Der Oberste Gerichtshof hat durch den Senatspräsidenten Hon. Prof. Dr. Brenn als Vorsitzenden sowie die Hofrätinnen Dr. Weixelbraun Mohr und Dr. Kodek und die Hofräte Dr. Stefula und Mag. Schober als weitere Richter in der Exekutionssache der betreibenden Partei D*, vertreten durch Dr. Helmut Blum und Mag. Andrea Blum, Rechtsanwälte in Linz, gegen die verpflichtete Partei R*, vertreten durch Mag. Ursula Schilchegger-Silber und andere Rechtsanwälte in Wels, wegen 61.115,60 EUR sA, über den Revisionsrekurs der betreibenden Partei gegen den Beschluss des Landesgerichts Wels als Rekursgericht vom 17. September 2025, GZ 22 R 170/25v 61, mit dem der Beschluss des Bezirksgerichts Wels vom 5. Juni 2025, GZ 12 E 4138/23i 52, bestätigt wurde, den
Beschluss
gefasst:
Der Revisionsrekurs wird als jedenfalls unzulässig zurückgewiesen.
Die betreibende Partei ist schuldig, der verpflichteten Partei die mit 2.705,84 EUR (darin 450,54 EUR USt) bestimmten Kosten der Revisionsrekursbeantwortung binnen 14 Tagen zu ersetzen.
Begründung:
[1] Das Erstgericht stellte die am 17. Mai 2024 zur Hereinbringung einer vollstreckbaren Unterhaltsforderung des Betreibenden bewilligte Fahrnis- und Forderungsexekution auf Antrag des Verpflichteten mit Beschluss vom 5. Juni 2025 gemäß § 291c Abs 2 EO ein.
[2] Das Rekursgericht gab dem Rekurs des Betreibenden nicht Folge und sprach aus, dass der ordentliche Revisionsrekurs jedenfalls unzulässig sei.
[3] Der dagegen erhobene Revisionsrekurs des Betreibenden ist absolut unzulässig.
[4] 1. Gemäß § 528 Abs 2 Z 2 ZPO iVm § 78 EO ist auch im Exekutionsverfahren – abgesehen von bestimmten, hier nicht vorliegenden Ausnahmen (vgl dazu RS0132903 ; RS0012387 [T19]) – ein weiterer Rechtszug gegen die zur Gänze bestätigende Entscheidung des Rekursgerichts jedenfalls unzulässig ( RS0002321 [T12]; RS0012387 [T15]). Für bestätigende Entscheidungen über Einstellungsanträge besteht keine Ausnahme von diesem Rechtsmittelausschluss ( 3 Ob 118/25m mwN).
[5] 2.1 Ein bestätigender Beschluss liegt vor, wenn die Erledigungsart in beiden Instanzen übereinstimmt und im Spruch gleichlautend entweder meritorisch oder formal entschieden wurde ( RS0044456 [T3]; 3 Ob 150/24s ). Dies ist hier der Fall.
[6] 2.2 Entgegen der Ansicht des Betreibenden kommt es nicht darauf an, ob die Lösung der von ihm angeführten Rechtsfragen von erheblicher Bedeutung iSd § 528 Abs 1 ZPO ist ( RS0012387 [T2]). Ebenso wenig kann der Hinweis auf die Rechte des Kindes nach der EMRK oder der UN-Kinderrechtskonvention oder auf die Verpflichtungen der Republik Österreich aus anderen internationalen Übereinkommen eine Ausnahme von der Revisionsrekursbeschränkung des § 528 Abs 2 Z 2 ZPO rechtfertigen.

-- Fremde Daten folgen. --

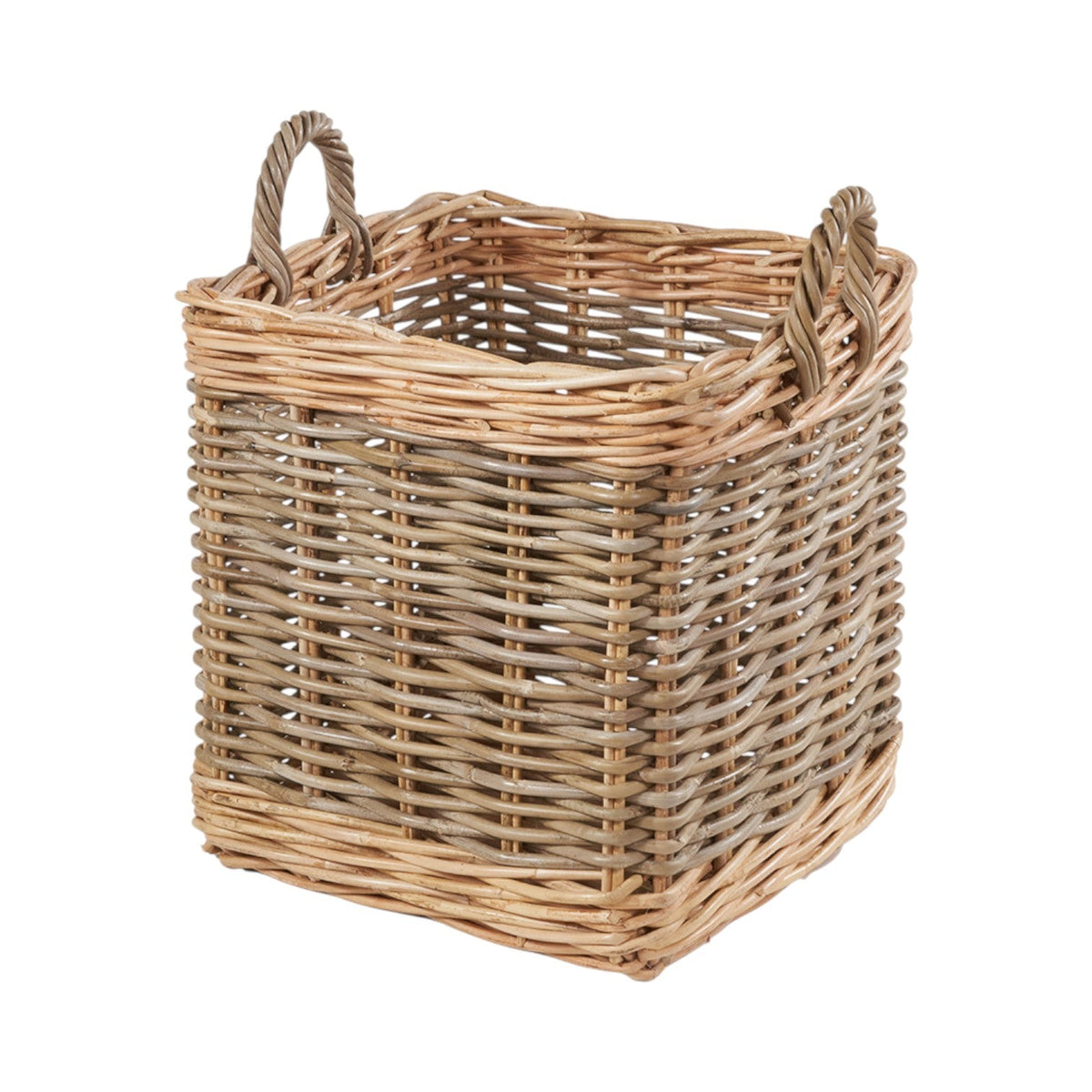 Set of 5 Grey and White Kubu Rattan Square Storage Baskets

[7] Der Revisionsrekurs ist absolut unzulässig und daher zurückzuweisen.
[8] 3. Die Kostenentscheidung gründet sich auf §§ 41, 50 ZPO iVm § 78 EO. Gemäß § 65 Abs 3 Z 2 EO ist das Rechtsmittelverfahren über den Einstellungsantrag zweiseitig (vgl 3 Ob 104/24a). Der Betreibende hat daher dem Verpflichteten, der auf die Unzulässigkeit des Rechtsmittels hingewiesen hat, die Kosten der Revisionsrekursbeantwortung zu ersetzen.